**What you should do:** Output the data unchanged and complete, minus the images.
BEGIN Exercise material
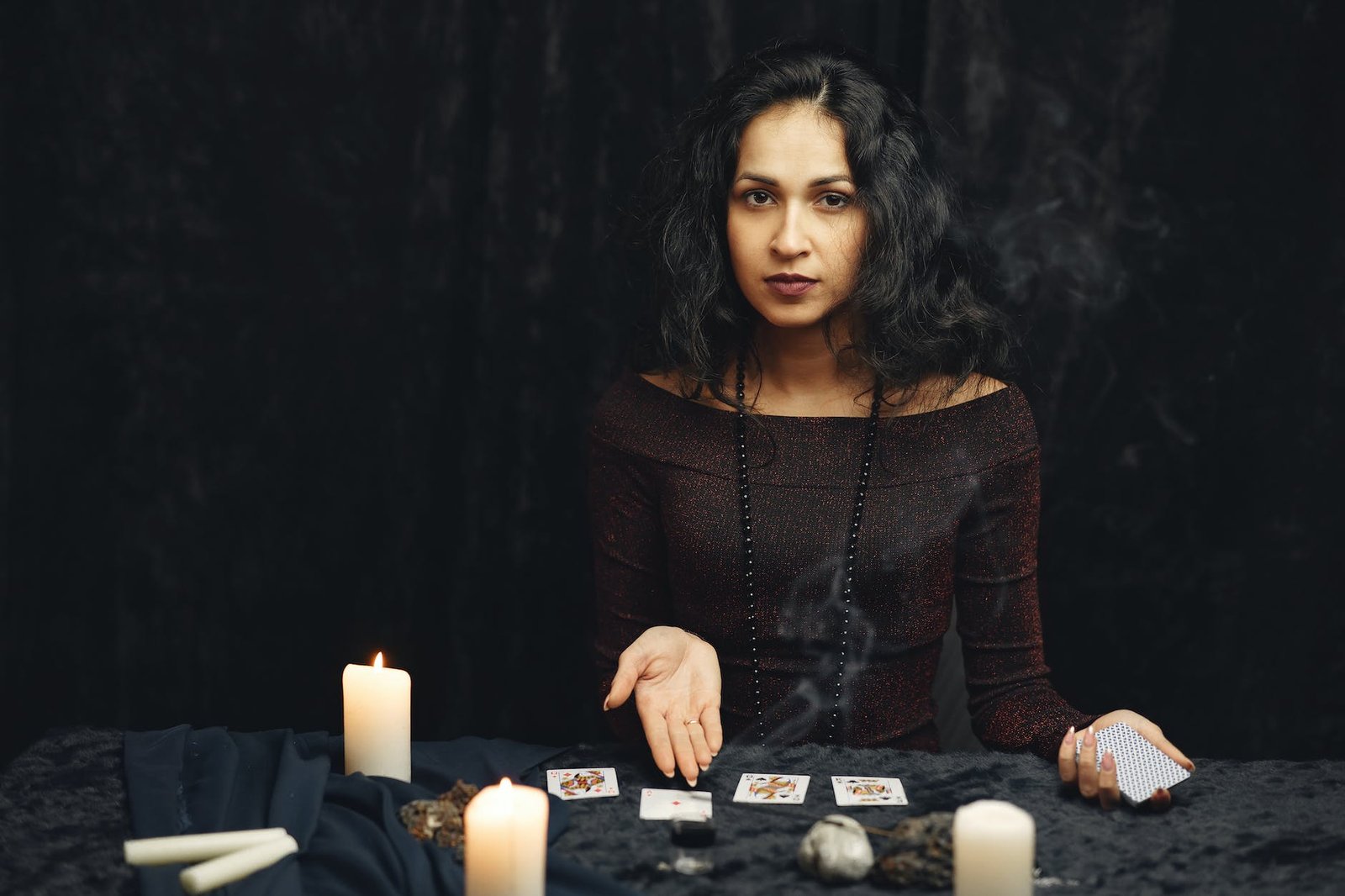 woman reading playing cards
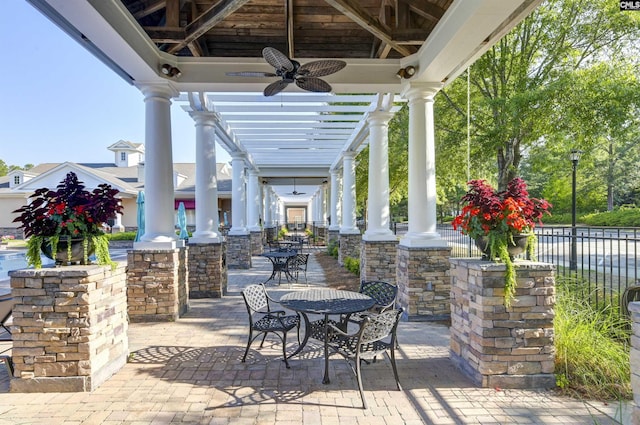 view of patio / terrace featuring a gazebo, outdoor dining space, a ceiling fan, and fence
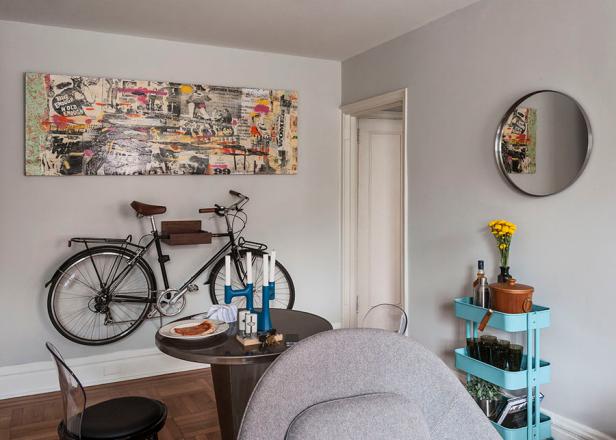 Neutral Living Space With Eclectic Art & Mounted Bike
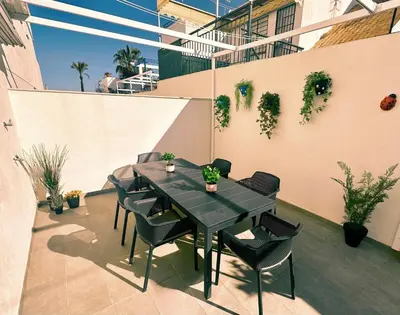 a black table and chairs on a patio at Arenas de Sanlúcar II in Sanlúcar de Barrameda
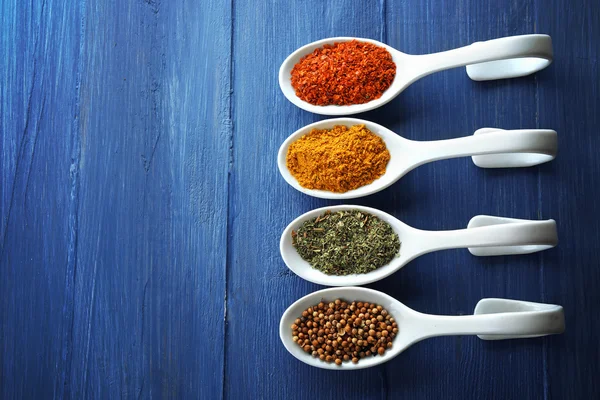 Different kinds of spices in ceramics spoons, close-up, on color wooden background — Stock Photo, Image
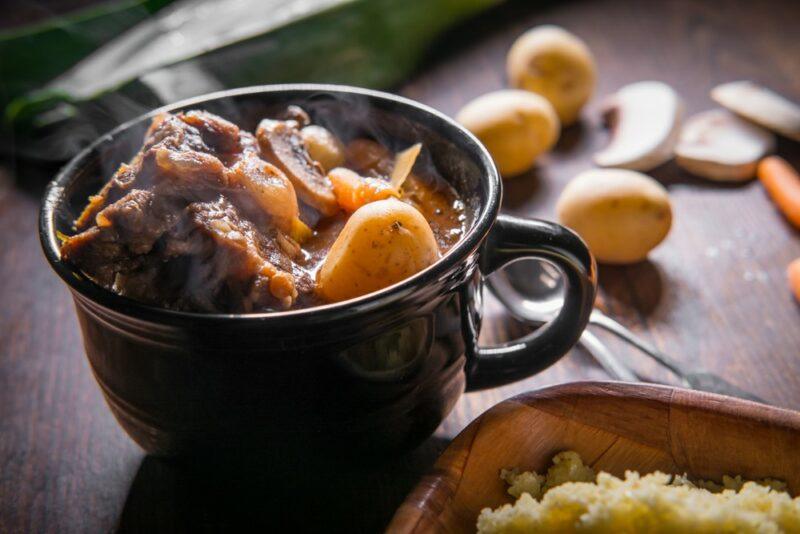 A black bowl or mug of oxtail soup on a table with some potatoes and mushrooms in the background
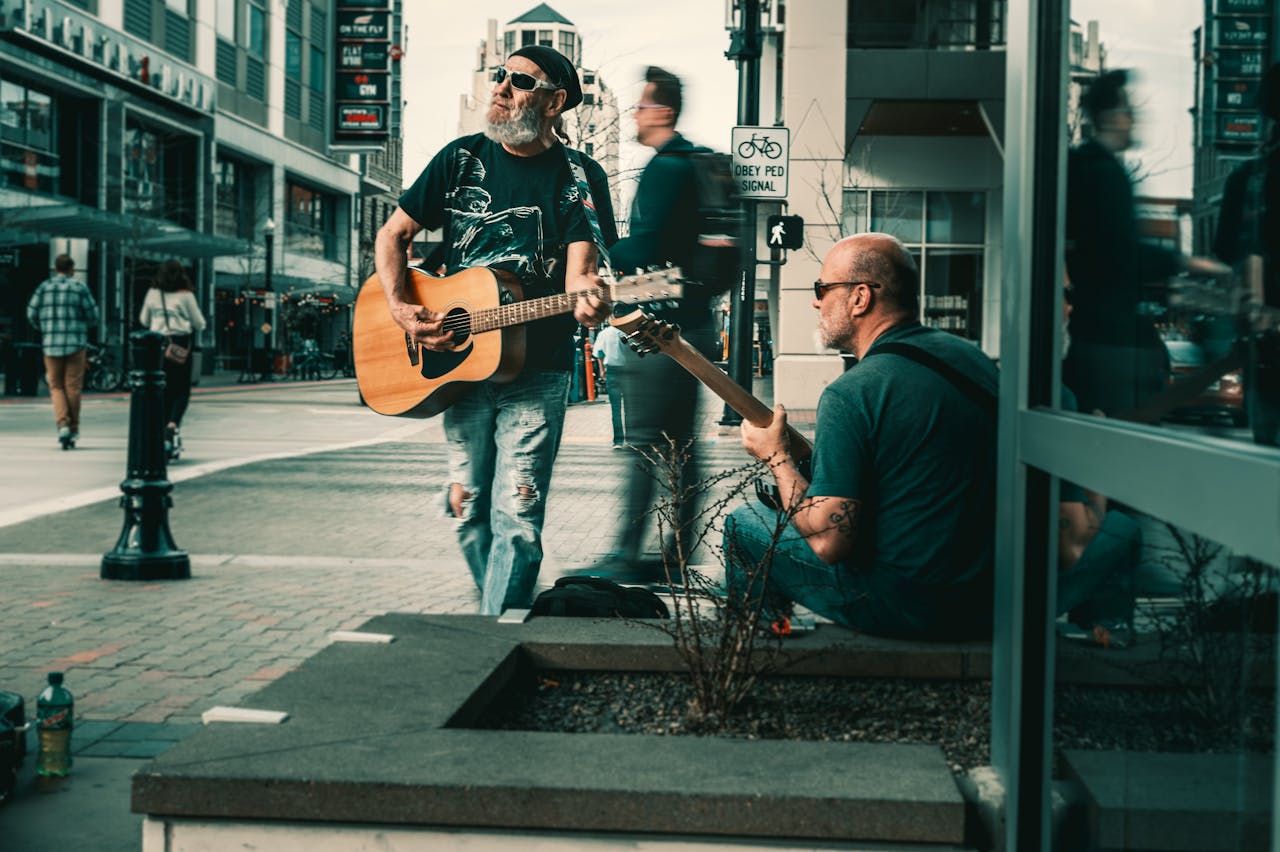 Two male musicians perform on a city street with guitars in a lively urban environment.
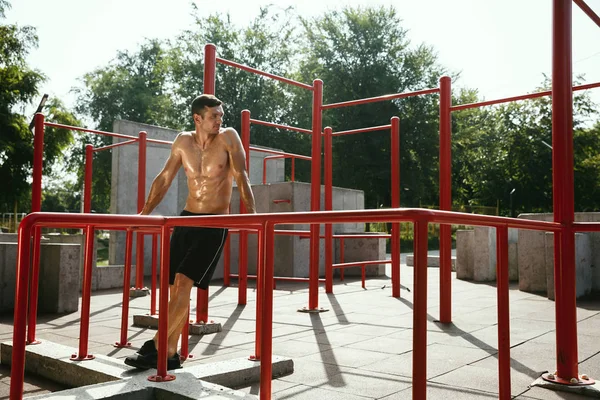 Junger muskulöser Mann beim Training draußen auf dem Spielplatz — Stockfoto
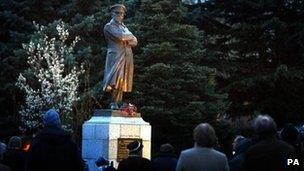 People gather at a statue of Commander Edward John Smith, captain of the Titanic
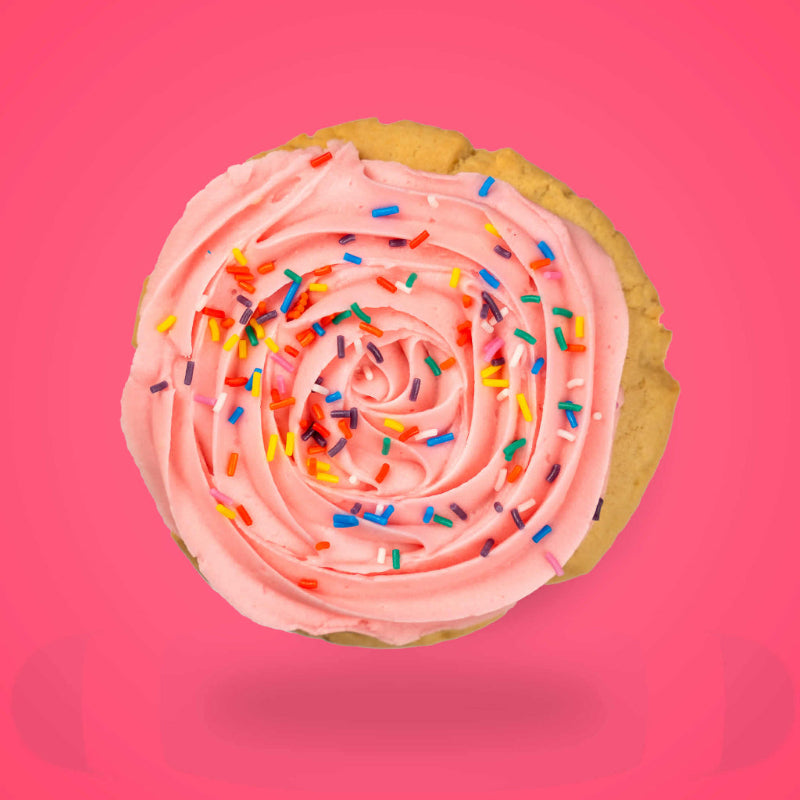 A pink birthday sugar cookie with colourful sugar strands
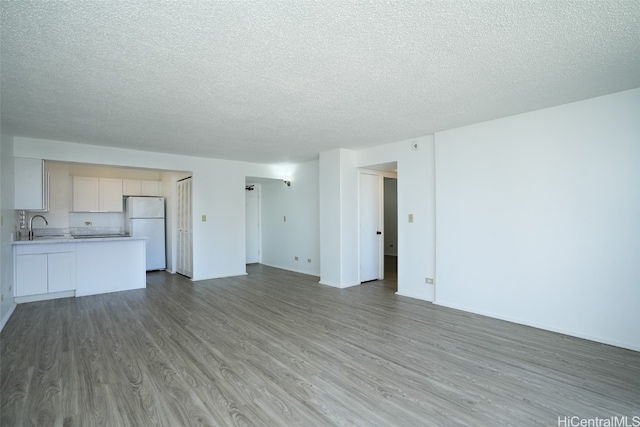 unfurnished living room with a textured ceiling, hardwood / wood-style flooring, and sink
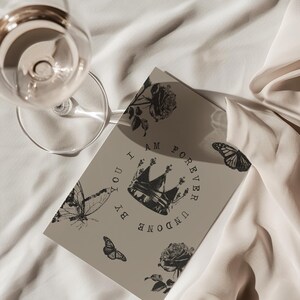May include: A greeting card with a crown and butterfly design. The card has the words "I AM FOREVER UNDONE BY YOU" printed on it. A wine glass is in the upper left corner.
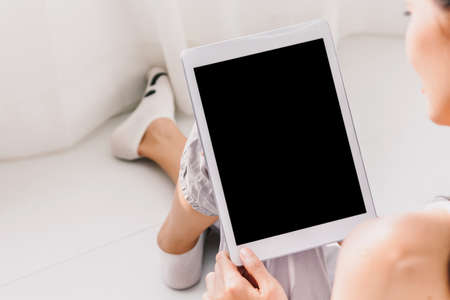 Woman using digital tablet computer in bedroom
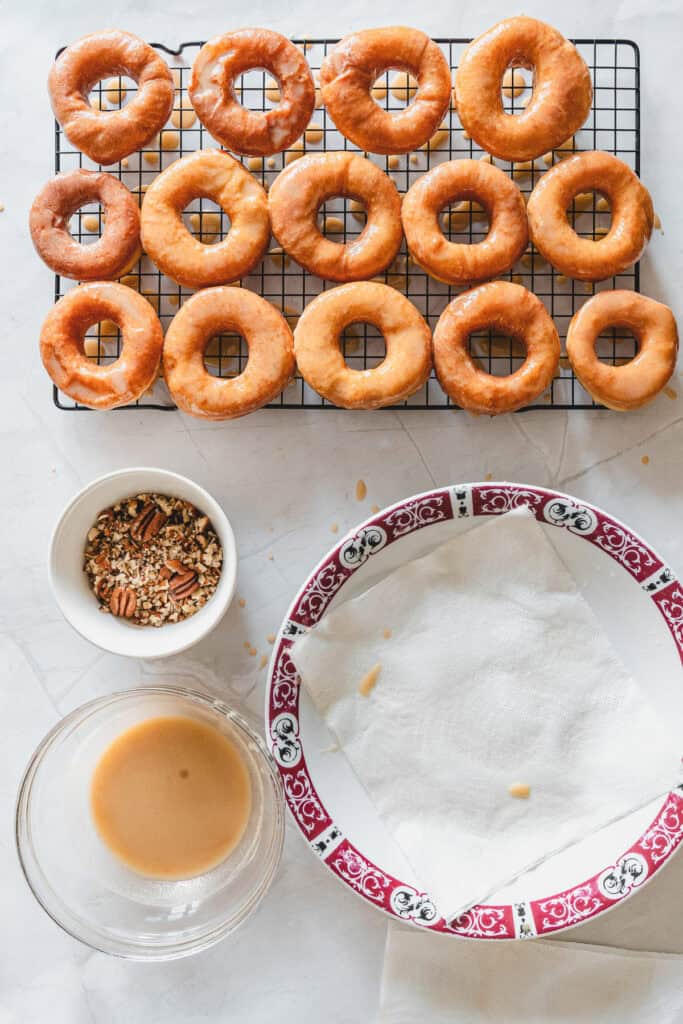 Maple glazed donuts on a cooling rack, with coffee, chopped nuts, and a plate lined with paper towels nearby.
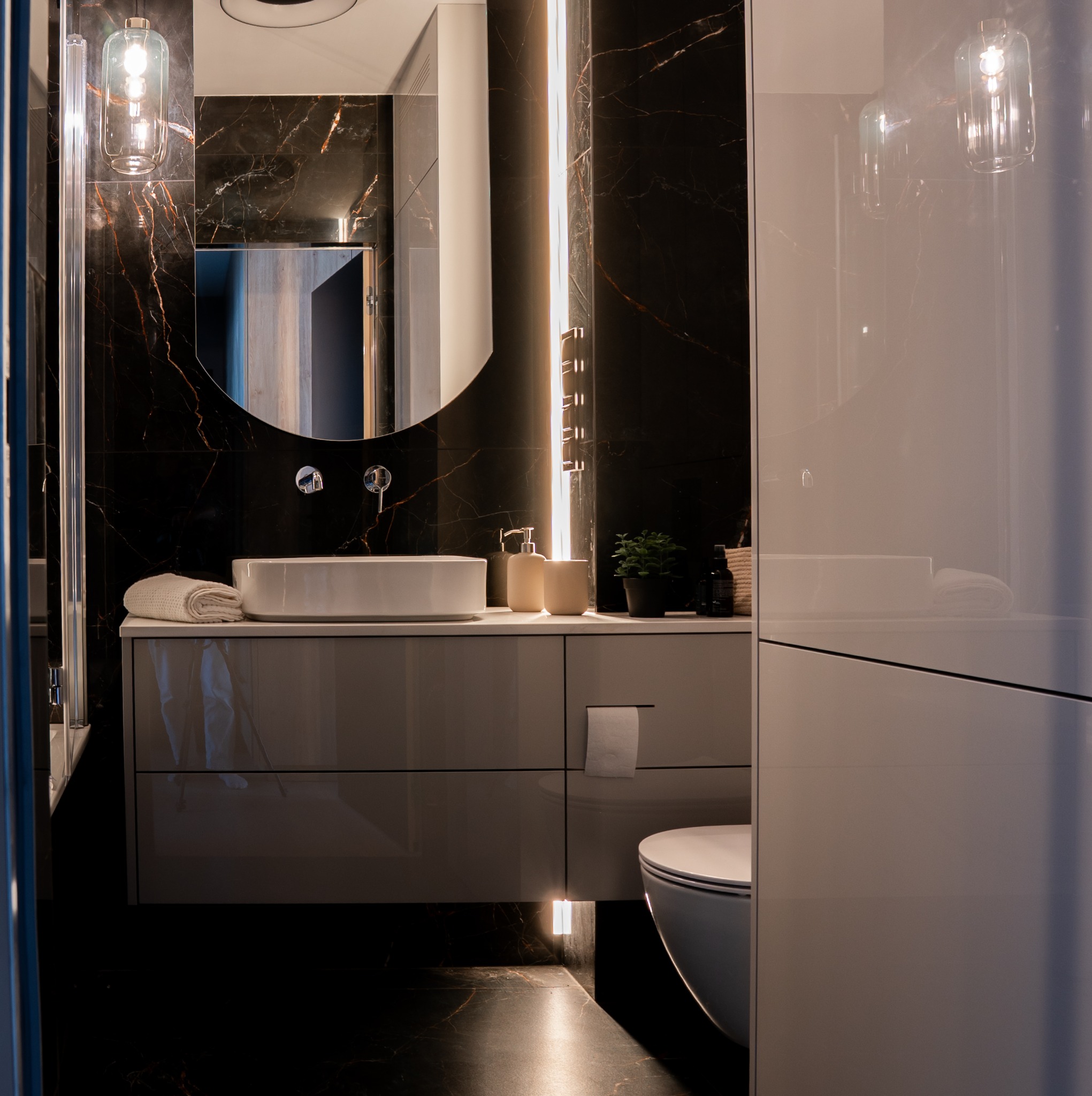 Nowoczesna łazienka z czarnymi marmurowymi płytkami, owalnym lustrem z podświetleniem LED i białą umywalką nablatową. Minimalistyczny design, eleganckie wykończenie.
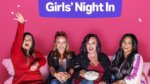 Four girls eat popcorn on a couch looking at camera with a pink background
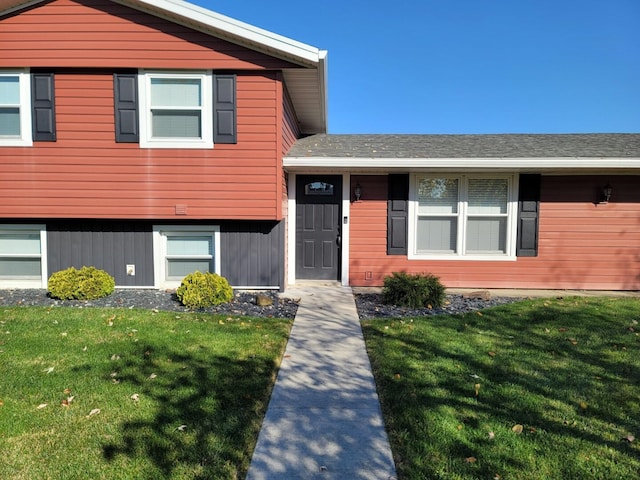 tri-level home with a front lawn and roof with shingles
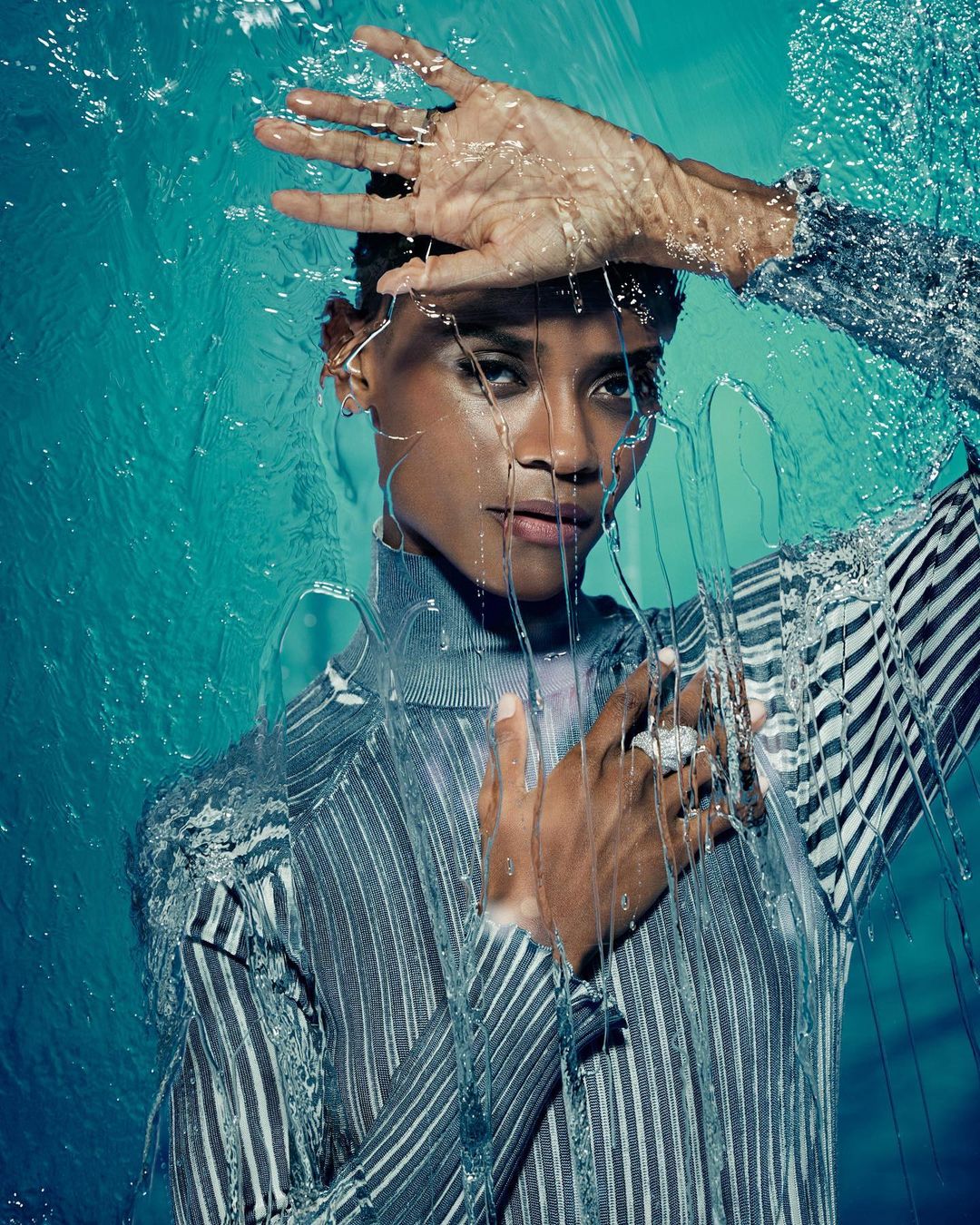 Striking portrait of a Black woman with water cascading over her face and hands against a teal background, showcasing a dramatic and captivating image.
END Exercise material
**Answer area:**
 woman reading playing cards
 view of patio / terrace featuring a gazebo, outdoor dining space, a ceiling fan, and fence
 Neutral Living Space With Eclectic Art & Mounted Bike
 a black table and chairs on a patio at Arenas de Sanlúcar II in Sanlúcar de Barrameda
 Different kinds of spices in ceramics spoons, close-up, on color wooden background — Stock Photo, Image
 A black bowl or mug of oxtail soup on a table with some potatoes and mushrooms in the background
 Two male musicians perform on a city street with guitars in a lively urban environment.
 Junger muskulöser Mann beim Training draußen auf dem Spielplatz — Stockfoto
 People gather at a statue of Commander Edward John Smith, captain of the Titanic
 A pink birthday sugar cookie with colourful sugar strands
 unfurnished living room with a textured ceiling, hardwood / wood-style flooring, and sink
May include: A greeting card with a crown and butterfly design. The card has the words "I AM FOREVER UNDONE BY YOU" printed on it. A wine glass is in the upper left corner.
 Woman using digital tablet computer in bedroom
 Maple glazed donuts on a cooling rack, with coffee, chopped nuts, and a plate lined with paper towels nearby.
 Nowoczesna łazienka z czarnymi marmurowymi płytkami, owalnym lustrem z podświetleniem LED i białą umywalką nablatową. Minimalistyczny design, eleganckie wykończenie.
 Four girls eat popcorn on a couch looking at camera with a pink background
 tri-level home with a front lawn and roof with shingles
 Striking portrait of a Black woman with water cascading over her face and hands against a teal background, showcasing a dramatic and captivating image.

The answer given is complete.